2. Saisi sur le fondement de l'article L. 521-3 d'une demande qui n'est pas manifestement insusceptible de se rattacher à un litige relevant de la compétence du juge administratif, le juge des référés peut prescrire, à des fins conservatoires ou à titre provisoire, toutes mesures que l'urgence justifie, notamment sous forme d'injonctions adressées à l'administration, à la condition que ces mesures soient utiles et ne se heurtent à aucune contestation sérieuse. En raison du caractère subsidiaire du référé régi par l'article L. 521-3, le juge saisi sur ce fondement ne peut prescrire les mesures qui lui sont demandées lorsque leurs effets pourraient être obtenus par une procédure régie par d'autres dispositions du code de justice administrative à moins que ne soit démontré une urgence particulière ou qu'il ne s'agisse de prévenir un péril grave.

3. M. B demande au juge des référés d'enjoindre à l'autorité consulaire française à Dakar (Sénégal) de lui fixer un rendez-vous pour redéposer un dossier de demande de visa pour son épouse et son fils au titre du regroupement familial, à la suite de l'obtention de l'autorisation de regroupement familial délivrée par le préfet de l'hérault le 18 octobre 2024. La famille s'était vu opposer par l'autorité consulaire des refus de visa le 16 février 2024, motivés par l'absence d'autorisation de regroupement familial. Pour justifier de l'urgence, M. B expose que sa famille et lui sont séparés depuis des mois. Toutefois, il n'apporte aucune précision sur la durée de cette séparation alors qu'un enfant est né le 27 août 2024. De plus, M. B a obtenu l'autorisation de regroupement familial le 18 octobre 2024 et a attendu le 4 juin 2025 pour solliciter un rendez-vous en adressant un premier courriel à l'autorité consulaire, avant d'adresser un second courriel de relance le 1er juillet 2025. L'office français de l'immigration et de l'intégration (OFII) en copie des correspondances a assuré à M. B, le 10 juin 2025 avoir transféré sa demande de rendez-vous au consulat. Dès lors, le requérant s'est placé lui-même dans la situation d'urgence qu'il invoque. De plus, le délai d'attente n'apparait pas déraisonnable compte tenu du contexte de l'affluence des demandes de visa auprès des autorités consulaires en période estivale. Ainsi, la mesure dont M. B demande la prescription ne peut être regardée comme relevant d'une situation d'urgence au sens des dispositions de l'article L. 521-3 du code de justice administrative. Il y a lieu, par suite, de rejeter sa requête selon la procédure prévue par les dispositions de l'article L. 522-3 du code de justice administrative, y compris en ce qu'elle comporte des conclusions formulées sur le fondement de l'article L. 761-1 du code de justice administrative.

O R D O N N E :

Article 1er : La requête de M. B est rejetée.

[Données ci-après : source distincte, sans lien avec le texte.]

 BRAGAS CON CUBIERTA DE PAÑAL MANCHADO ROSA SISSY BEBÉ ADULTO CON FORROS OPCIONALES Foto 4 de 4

Article 2 : La présente ordonnance sera notifiée à M. D B.

Copie en sera adressée au ministre d'Etat, ministre de l'intérieur.

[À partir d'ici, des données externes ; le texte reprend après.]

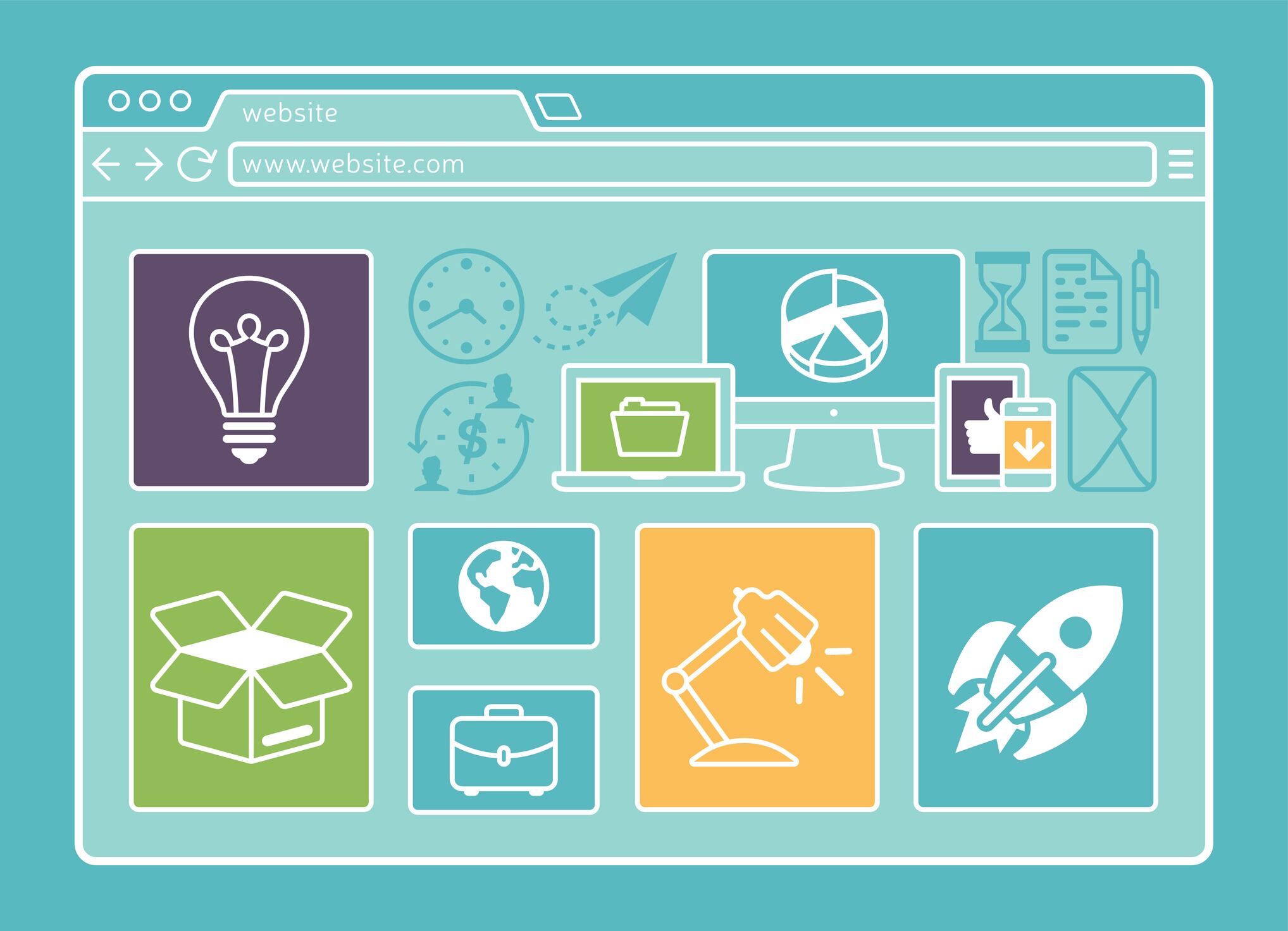 Ilustración que representa la interfaz del navegador Google Chrome.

Fait à Nantes, le 29 juillet 2025.

La juge des référés,

S. PAQUELET-DUVERGER

La République mande et ordonne au ministre d'Etat, ministre de l'intérieur en ce qui le concerne et à tous commissaires de justice à ce requis en ce qui concerne les voies de droit commun, contre les parties privées, de pourvoir à l'exécution de la présente décision.